Currently SIMD16 versions of shaders are dropped on register spilling.
If same (number of) registers are spilled also by SIMD8 version, it most likely makes sense to keep the SIMD16 version.
I'd be surprised to see a shader that spilled the same number of registers in SIMD8 and SIMD16. But yes, there are improvements we should make.
I've noticed that we often schedule the SIMD8 program to minimize delays between dependent instructions at the code of higher register usage, but since the SIMD16 program uses more registers we're not able to perform the same schedule. So instead we schedule the SIMD16 program to minimize register usage, which drastically increases latency. I suspect in cases like this the SIMD16 program is slower.

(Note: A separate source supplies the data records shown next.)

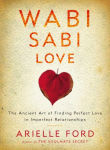 Alternative view 1 of Wabi Sabi Love: The Ancient Art of Finding Perfect Love in Imperfect Relationships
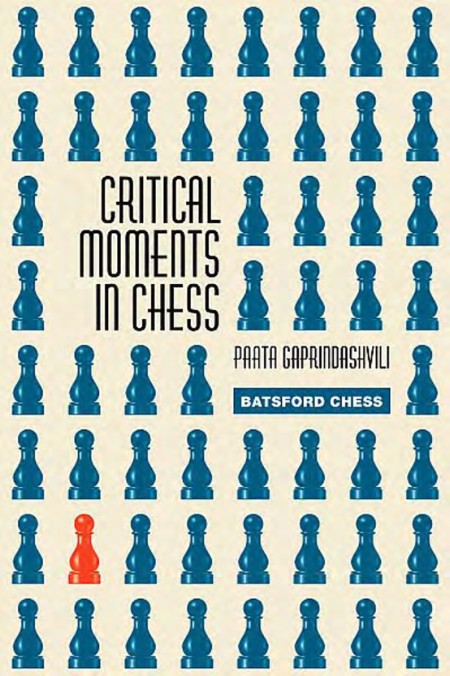 Critical Moments in Chess by Paata Gaprindashvili 7ba5678bce4da4e1d9bb170fa0a0deb0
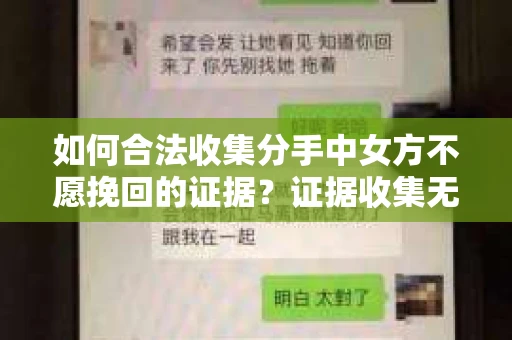 如何合法收集分手中女方不愿挽回的证据？证据收集无效怎么办？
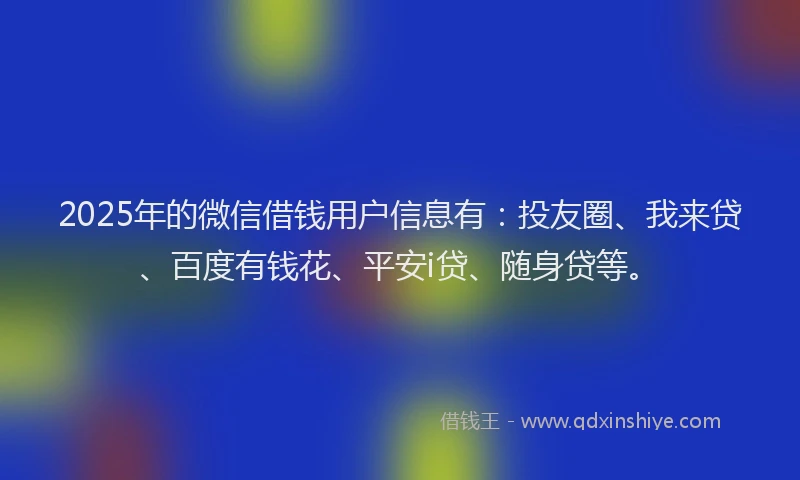 2025年的微信借钱用户信息有：投友圈、我来贷、百度有钱花、平安i贷、随身贷等。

I've been planning to look at this, so I'll assign this bug to myself.
I modified the code that discards the SIMD16 shader when it does register spilling to instead accept it. Tested GpuTest volplosion with the resulting Mesa.
Before (using SIMD8): frame time 244ms
After (using SIMD16, spilling): frame time 235ms
More anecdotal evidence: SynMark2, test OglShMapVsm: SIMD8 shader is 2% faster. The SIMD16 shader also does a lot more spilling.
That was on HSW GT2. On GT3e, it's the same, by forcing SIMD16 even with register spilling, gives few percent better results with Volplosion and few percent worse with ShMapVsm.
The difference between these tests is that Volplosion spills only a little compared to the amount of instructions in it and it has no texture access, so latency compensation from SIMD16 improves performance. ShMapVsm spills more and does shadow buffer accesses.
Good heuristics on how serious register spilling is, should take into account how many instructions shader has vs. how much it needs to do large-latency fetches for other things: spilled registers from scratch, pull parameters & textures with sampler.
Because just color buffer & depth are larger than normal LLC, I think first rule of thumb for these accesses could be using system memory fetch latency for all of them and comparing that against number of instructions. If the ratio is good enough, there's no need to drop into SIMD8, even if that wouldn't have any spilling.